Israel had turned from God’s ways and thoughts to follow her own. In fact, they had gone so far from God’s ways and thoughts that the gap was “as the heavens are higher than the earth.” Their thoughts and ways were not God’s ways and thoughts, but they should have been. They needed to repent and make their thoughts the same as God’s thoughts and their ways the same as God’s ways. 

When God’s people cease to think His thoughts and walk in His ways, they cannot please Him. This was a perpetual problem with Israel. They allowed the thinking and ways of their pagan neighbors to adversely affect them, causing God to have to constantly reign them in through prophets like Isaiah and punishment by their neighbors like Assyria and Babylon. 

The problems among God’s people, His church, today is that many have left God’s way of thinking for their own. Like, Naaman of old, it is “behold I thought” (2 Kings 5:11), rather than hearing what God thinks. All we can know about what God thinks and of His ways is found in His word, the Bible. 

The great lesson is that when we find that our thoughts and ways are not God’s thoughts and ways, we need to repent and bring our thoughts and ways into harmony with God’s. Paul said the purpose of our warfare is that of “bringing into captivity every thought to the obedience of Christ” (2 Cor. 10:5). 

So, my brother, if you find your ways and thoughts out of sync with the Lord’s, make the changes needed to get on the same page with Him by synchronizing your thoughts with His thoughts and your ways with His ways. 

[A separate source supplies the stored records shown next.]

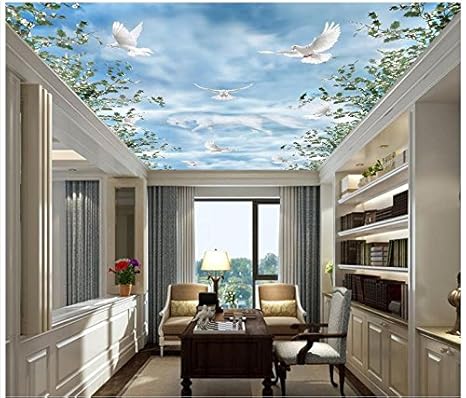 Lqwx Custom 3d Wallpaper 3d Ceiling Wallpaper Mural Fairy Unicorn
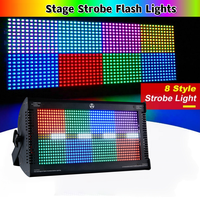 Projecteur stroboscopique de scène RGB haute luminosité 1000W, lumière de fond LED RGBW à 8+8 sections pour discothèque, bar, concert, scène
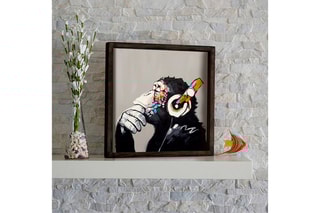 Peinture décorative encadrée en MDF Isabelle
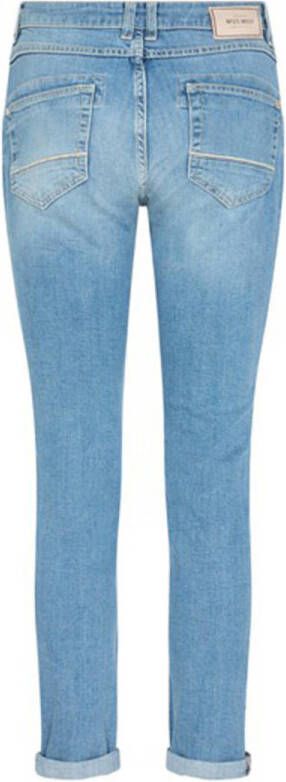 Mos Mosh high waist skinny jeans Naomi Sansa light blue denim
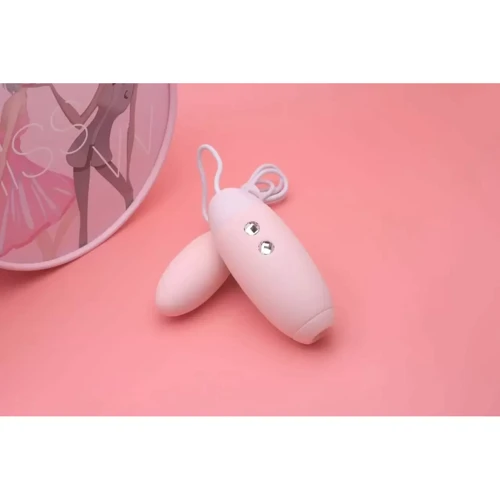 Вакуумный стимулятор с виброяйцом 2-в-1 KisToy Miss VV Pink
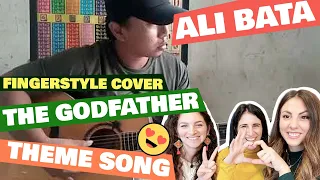 ITALIAN GIRLS react to ALI BA TA playing THE GODFATHER theme song | fingerstyle cover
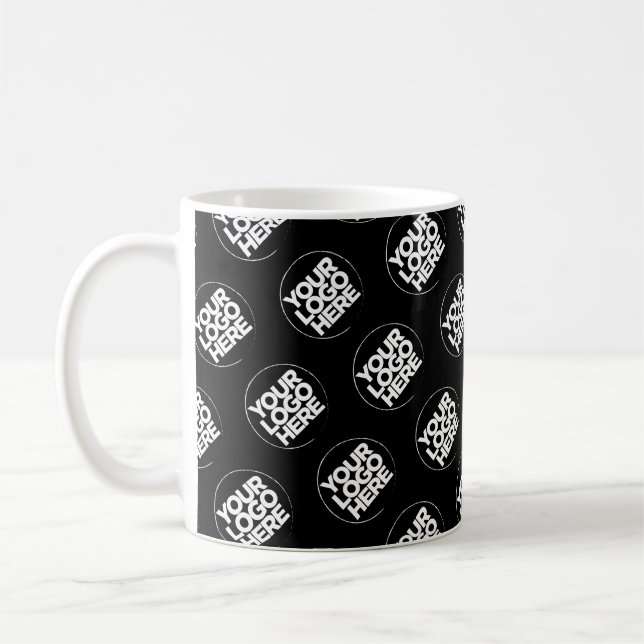 Custom logo business pattern employee coffee mug (Left)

I have a clock, watch and computer that tell me what time it is as I write this article. They all show the exact same time. They can do this because each daily synchronizes with a signal transmitted by the National Institute of Standards and Technology from Fort Collins, CO. Likewise, we can all be on the same page in religion if we each would keep our thoughts and ways constantly synchronized with God’s thoughts and His ways. It is when someone gets out of sync that apostasies and divisions occur.